== Data block ==
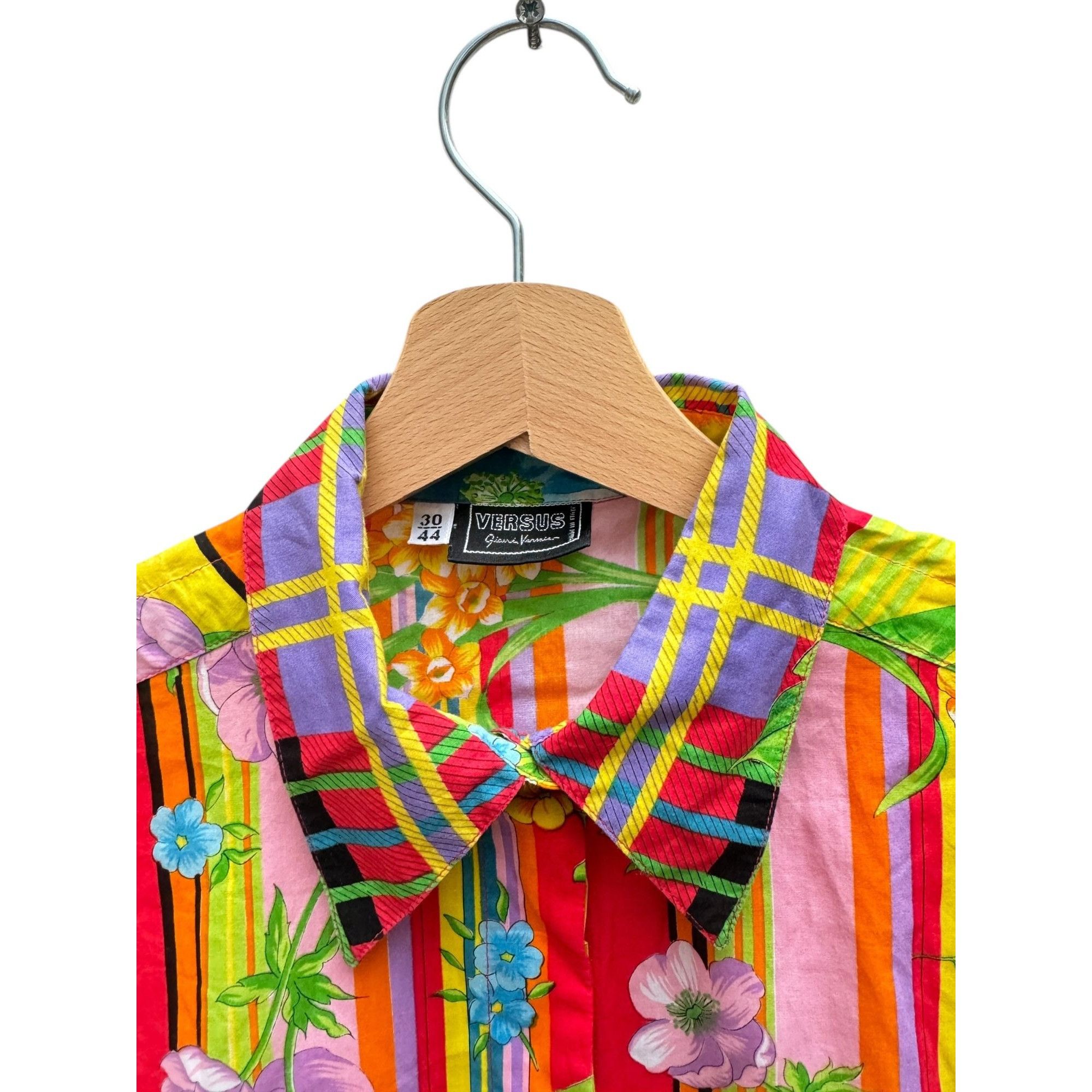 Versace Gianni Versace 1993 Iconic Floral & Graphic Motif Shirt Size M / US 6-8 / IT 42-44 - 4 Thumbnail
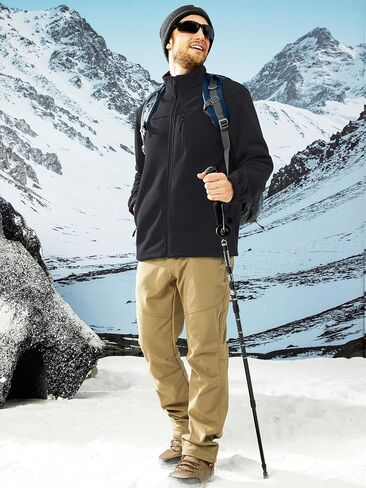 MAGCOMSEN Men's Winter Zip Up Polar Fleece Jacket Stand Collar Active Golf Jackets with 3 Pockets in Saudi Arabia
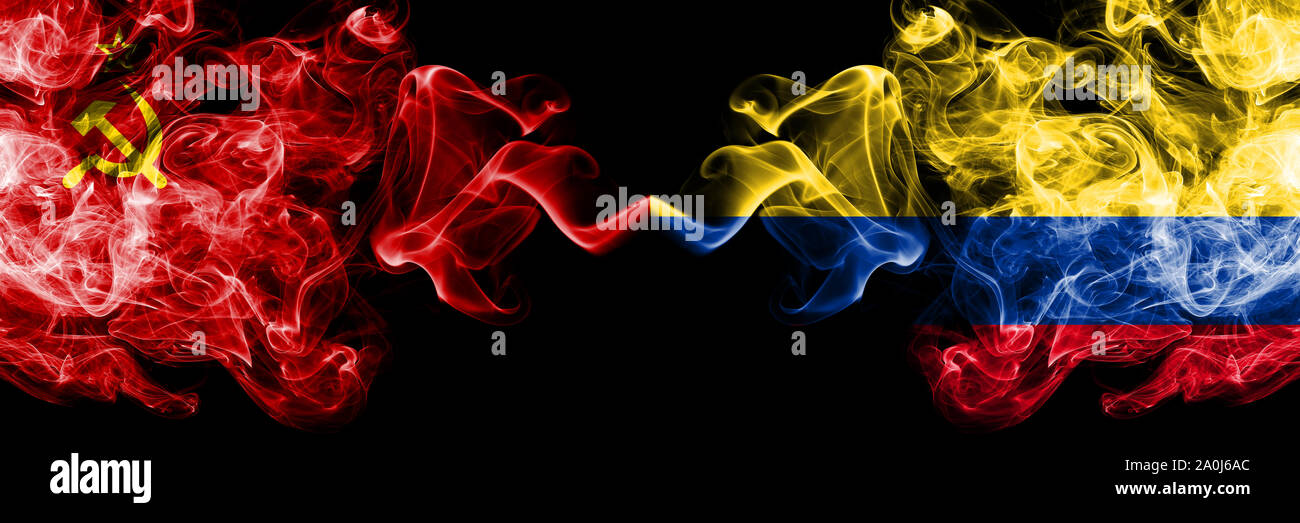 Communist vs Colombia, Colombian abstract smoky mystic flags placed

== Work to be completed ==
Which lines fall between the one containing "MAGCOMSEN Men's Winter" and the last line of the listing, both included? Give them again exactly, without the pictures.

== Task output ==
 MAGCOMSEN Men's Winter Zip Up Polar Fleece Jacket Stand Collar Active Golf Jackets with 3 Pockets in Saudi Arabia
 Communist vs Colombia, Colombian abstract smoky mystic flags placed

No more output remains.